A "you don't need to know anything about this account other than that these are the things it's not supposed to be able to do" system gives zero shits about the identity of a person, so there's no plausible path for it to gate access behind submission of any identifying documents to any third party.

[0] <https://leginfo.legislature.ca.gov/faces/billTextClient.xhtm...>

It requires you to enter a birth date which is not required to be your birth date. In case of a conflict between the age verification birth date and any other birth date, only the age verification birth date may be used for age appropriateness checks.

  • Okay? That is not parental controls that are

      [L]egally require[d] ... to be effective and easy-to-use-if-you-take-a-few-minutes-to-read-the-instructions.
    

    Additionally, I expect that -due to kids lying about their ages- within five or ten years, the regs will have "graduated" from self-attestation to ID and biometrics collection. It's likely that other states will require that sort of collection much sooner, causing every US-based company to do that regardless of the existence of less-invasive regs.

    Like, seriously... if "the kids can lie about their age and there are no consequences for lying" is the bar you want to set, just do the 1990's thing where sites and programs have a "Warning! This might not be suitable for kids!" page/screen that has a checkbox that the kids can check or button that they can press that lets them lie that they're over-seventeen and grants them access.

    • I'm not the biggest fan of the current age verification schemes, but I don't think the idea kids can lie about their age differs in the threat model posed under either system. Presumably, under the law, parents would be the ones to create a child account with a non-editable-by-the-child-account age fields which would then be used as a legal source of reference. If you assume the child can create an account without such features or can edit the age themselves, then I don't see why the equivalent threat model in the parental control system would be giving the child control over the parental control toggles rendering it meaningless by simply disabling it.

      That being said, age based restrictions isn't a fine grained control over the system as perhaps one would like but that also would be inherently more complicated to think about from a legislative perspective (e.g. how fine grained and how to categorize possible dangers) and user control perspective when it looks like a lot of parents are looking for a blunt generic button that basically goes "this is agreeable with general practices". This seems more or less how real systems are gated.

      The other issue is that both present privacy challenges but this just a little more so from a fingerprinting perspective. Presumably you need quite a few bits to completely specify the filter whereas age is only a ~1.58 bit field in the CA model. Not really sure how much this matters when there are so many other signals for fingerprinting and we should probably make fingerprinting from it illegal but just some thought.

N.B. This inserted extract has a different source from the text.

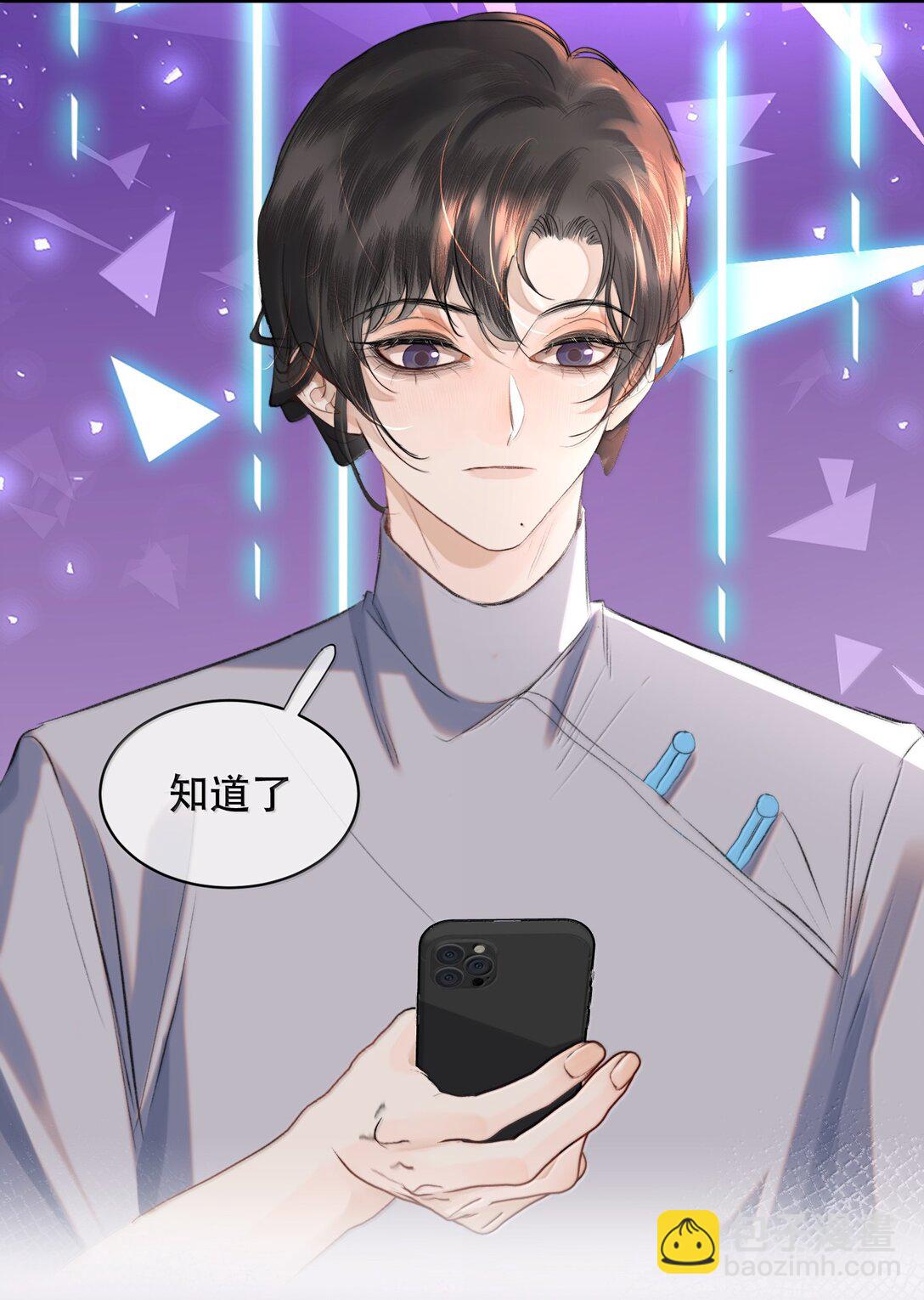 055 谁输了谁就脱衣服！41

      > Instead, what we get proposed is a system that cares very much about how old you are, and not one bit about the things that one's guardian understands one needs to be protected from.

      Regarding your linked comment, I think it's a bit strange to say that if legislators really did care about child safety they would mandate fine grained controls instead. I'm not sure what additional fine grained factors you may be thinking of precisely, but we already use age as a gate in real life for many things we consider dangerous so it's quite natural for legislators to transpose those. Our laws already very much care about how old you are.